Il est très fidèle au parti, toujours à jour de ses cotisations, et il participe régulièrement à nos réunions. Du moins autant que son agenda de ministre le lui permet.
Donc vous autorisez la transhumance politique au sein des autres partis houphouétistes…
Dans ce cas précis, Jean-Louis Billon m’avait informé de sa décision.
Huit ans après le lancement du RHDP, vous n’êtes pas encore parvenu à en faire un grand parti unique. Est-ce toujours l’objectif ?
Oui. Le RHDP a permis de se débarrasser d’un tyran, Laurent Gbagbo. Par conséquent, il mérite d’être renforcé. Il faut que les membres du RHDP se voient et dialoguent.

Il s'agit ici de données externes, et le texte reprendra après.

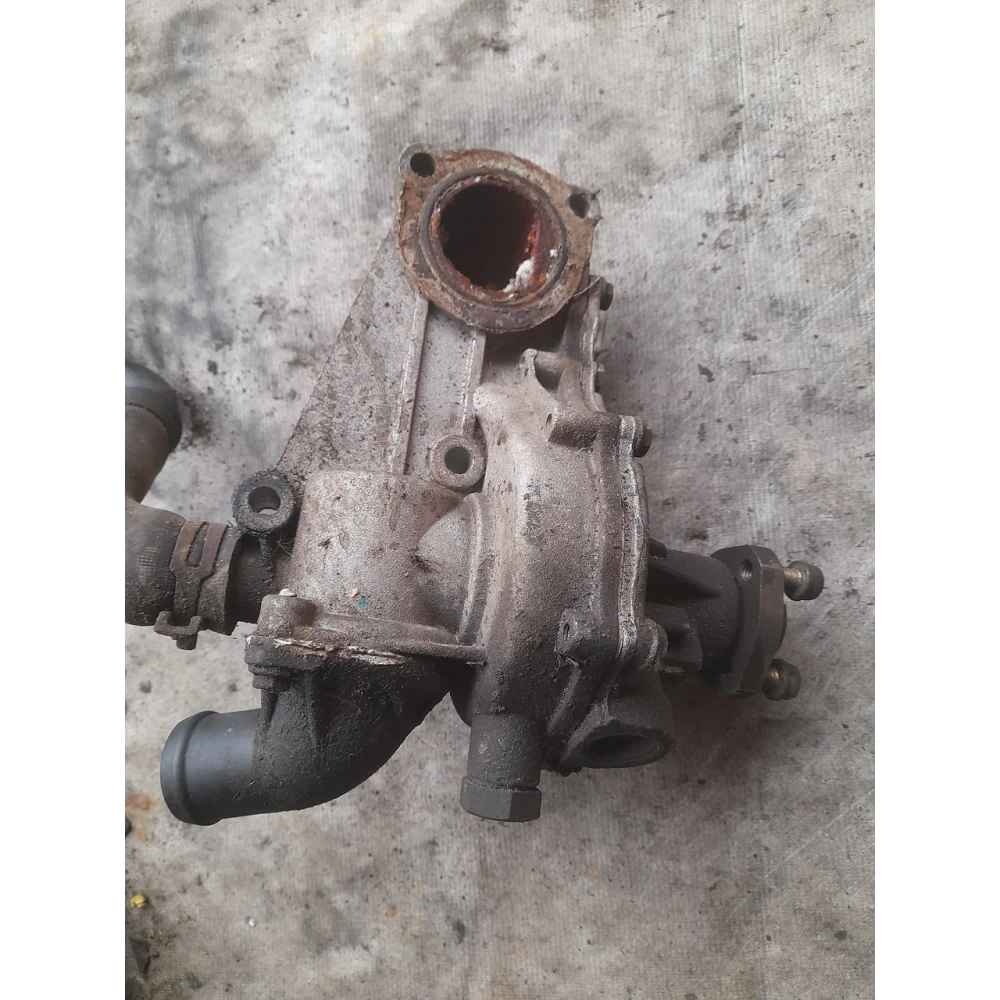 Помпа Audi A4 1.9 TDI  000055888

Je vais créer une commission afin d’étudier les changements à adopter en vue de créer un grand parti houphouétiste. Mais ces décisions seront du ressort des formations qui le composent. Il est possible que la question soit posée lors du congrès du PDCI en octobre.
En 2015, le RHDP devra-t-il soutenir un candidat unique à la présidentielle ?
Ce n’est pas à moi de prendre cette décision. Le congrès du PDCI décidera si nous devons présenter ou non un candidat.
La Constitution vous interdit d’être candidat. Avez-vous envie de briguer un nouveau mandat présidentiel ?
Les constitutions ne sont pas écrites pour l’éternité. Mais j’ai 79 ans et je ne crois pas que ce soit une bonne chose que je brigue un nouveau mandat.
Un jour, il faudra penser à votre succession au sein du PDCI. Avez-vous fait votre choix ?
Un jour, comme vous dites, je partirai. Les hommes de valeur ne manquent pas au sein du PDCI, je cherche actuellement celui qui pourra me succéder.
Quand ?
Vous voulez la date de ma mort ?
Non, celle de votre retrait de la vie politique…
Je ne vous donnerai pas la date. Aussi longtemps que je serai en bonne santé, je serai attaché à la bonne conduite des affaires du parti et à rendre service à mon pays.